Prepare concise STAR (Situation, Task, Action, Result) stories for the Amazon Product Manager behavioral round. The interviewer may probe any subset of the prompts below, often asking follow-ups that go several layers deeper. Anchor each story to the Amazon Leadership Principles and quantify impact wherever possible.

  1. Introduce yourself and explain why this Amazon Product Manager role is a good fit for you.
  2. What are your greatest strengths and your biggest weakness?
  3. Your proudest professional achievement.
  4. Describe a time you used customer data to generate a product or business insight.
  5. Tell me about a time you defined or created a new metric to track performance.
  6. Tell me about a time you used metrics or analytics to drive a positive change.
  7. Describe a situation where you did not have enough data (incomplete data or high ambiguity) to solve a problem—how did you proceed and make the decision?
  8. Solving a problem through superior knowledge or careful observation.
  9. Describe the most innovative thing you have built (inventing or innovating something) and the impact it created.
  10. Describe a project where you invented, simplified, delivered results quickly, and later scaled the solution.
  11. Tell me about a time you took a calculated risk that succeeded—and, if you can, one that failed.
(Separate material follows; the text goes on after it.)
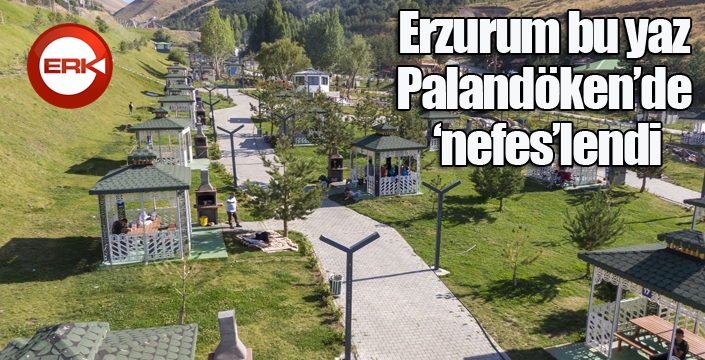 Erzurum bu yaz Palandöken’de ‘nefes’lendi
What did you learn?
  12. Tell me about a time you pitched an idea to your boss/manager and were initially turned down. What happened next?
  13. Talk about a time you disagreed with your manager and how you expressed and resolved the difference of opinion.
  14. Handling conflicting priorities or guidance from different managers.
  15. Give an example when your team’s goals conflicted with another team’s goals and how you resolved it.
  16. Resolving group conflicts or dealing with a hostile/difficult customer situation.
  17. Influencing change primarily through questions.
  18. Tell me about a time you remotely influenced stakeholders, or influenced without formal authority across teams, to get work done.
  19. Describe how you earned the trust of a resistant project team and overcame their push-back.
  20. Tell me about a time you gathered feedback on your (or your team’s) performance and drove a meaningful change.
  21. Receiving, responding to, and acting on critical feedback.
  22. Give an example of how you coached or trained a team member to improve their performance.
  23. Motivating a team and managing under-performance.
  24. Describe a time you disappointed a team member—how did you address the situation?
  25. Going above and beyond the requirements.
  26. Sacrificing short-term results for long-term gains.
  27. Learning from a mistake or failure.
  28. Leaving a task unfinished and what you did next.
  29. Pivoting mid-project due to unexpected changes or obstacles.
  30. Explain how you handled missing (or being about to miss) a deadline, or encountering a major mid-project setback.
  31. Crisis management or an urgent, high-impact decision.
  32. Upholding safety or policy when asked to do otherwise.
  33. Ensuring the customer experience remains the top priority (even at the cost of short-term revenue).
  34. Time-management wins and misses.

​

Hints

Answer in STAR order (Situation, Task, Action, Result), keep each story to 60–90 seconds, use I-statements to make your own contribution clear, anchor each story to a specific Amazon Leadership Principle, and quantify the result (baseline, delta, timeline, scale) wherever possible.